The envelope, when it appeared, should not have taken me by surprise, yet somehow it did. It lay, perfectly centered, on the table before me, taunting me as I drank my morning coffee.
It bore no stamp. No return address. Yet I knew from whence—from whom—it had come. A single word adorned the creamy paper surface, written in an elegant hand I had once known so well.
Giselle
My name.
No, I should not have been surprised. I was, after all, the youngest of our cadre. The most likely to survive. We had all known it would eventually come to me.
I told myself the chill of my skin was due to the cooling fall temperatures, though it was warm in my house.
My eyes shifted restlessly from the envelope. I rose from the table and began to retreat, not turning my back on it. It was a futile effort, for the envelope followed me, hovering in the air before me.
“Coward,” it silently accused.
I did not want to drink from this cup but knew I must. I touched a finger to my name and the envelope transformed into a single sheet of onion-skin paper, again displaying a single, centered word.
Drink
A vial appeared in my hand. I did not want to drink, but the vial and its contents emanated impatience.

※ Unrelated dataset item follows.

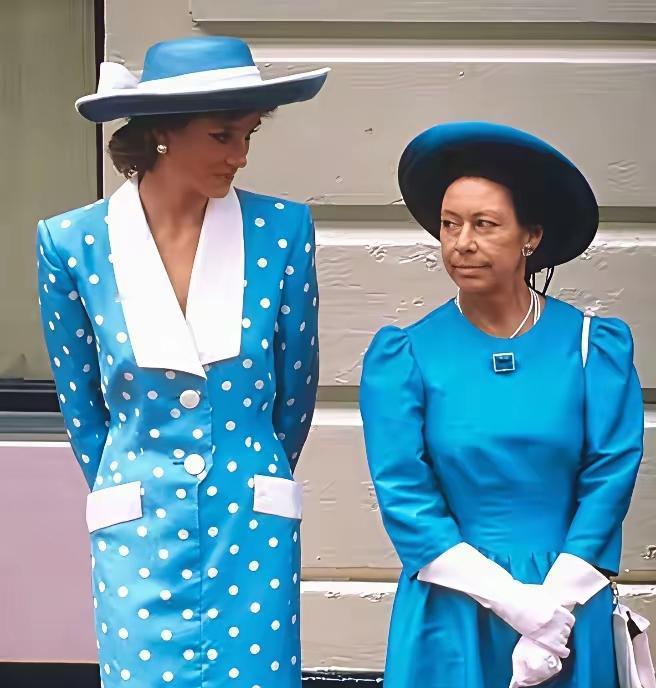 一对比，就知王妃和公主的区别了！
看戴安娜和玛格丽特公主，就知一二了！
一个是被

The moment it touched my lips, the full power of the being whose essence it bore coursed through my veins. As I rose to my destiny, my house, the Earth, its solar system and galaxy—the universe itself—collapsed, slamming into me in an instant. In an eternity.

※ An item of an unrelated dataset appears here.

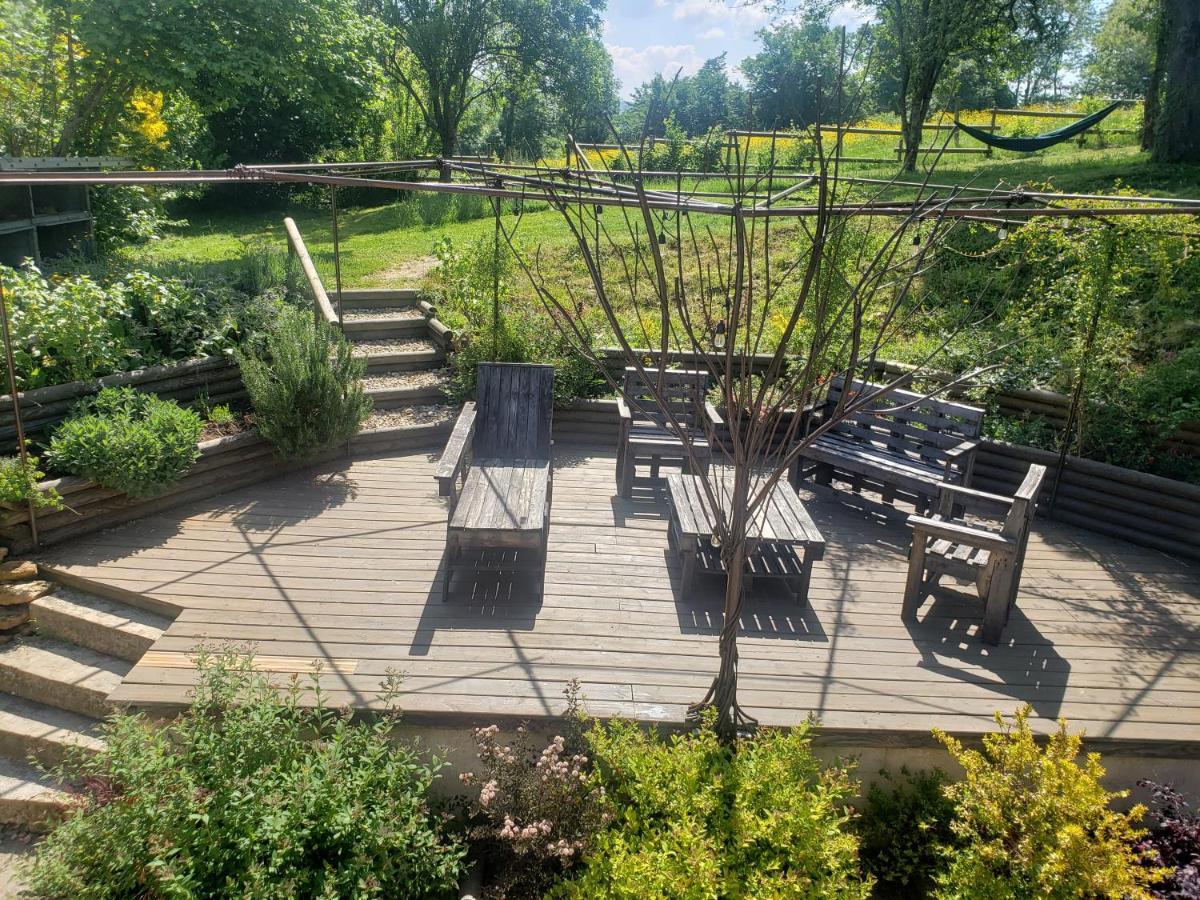 Fenetre Sur Loire Bed & Breakfast Iguerande Exterior photo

I bowed to my fate, bereft and alone, now reduced to the promise of an explosion that would in a far-flung future begin the universe anew.
This story germinated over a full week from a contest prompt from Fractured Lit :
For this challenge, we want stories based on the theme of "Covenants". We want writers to tell us stories of promises, of maybes and never going to happen, to making and breaking vows, to doing our best and still making mistakes. Consider new ways of putting your characters into situations where they make and break promises, where they learn something about themselves in counterpointed situations and experiences.

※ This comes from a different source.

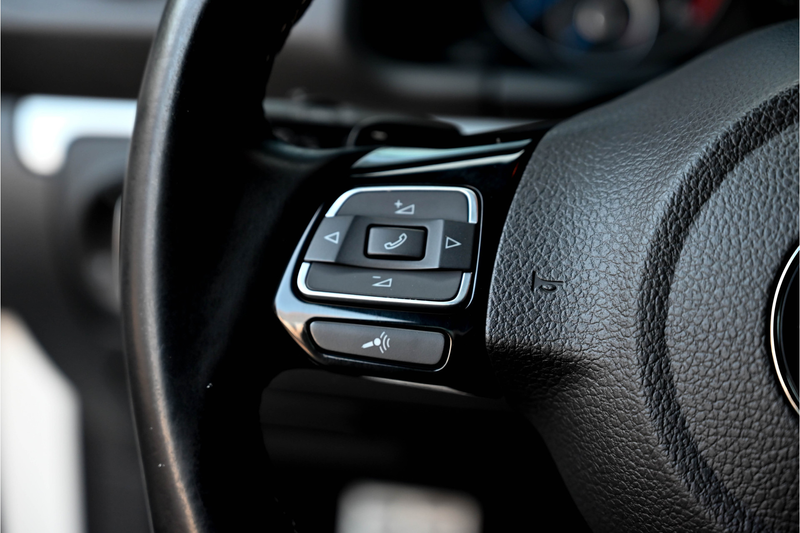 Volkswagen Scirocco 2.0 TSI R — photo 8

I like taking prompts from contests, though I don’t enter, as most have fees I can’t afford. I hope you like my take on this one.
I very much wish that Substack would introduce the ability to center text. I wanted to have the words “Giselle” and “Drink” centered on the page. Maybe some day.
Loved this, Dascha. I’m with you - some contest fees are absolutely ridiculous! I haven’t submitted a single story for publication within the past six months. I’m perfectly content writing and publishing here on Substack!
Wow!! A powerful imagery drawn with your words. I loved it!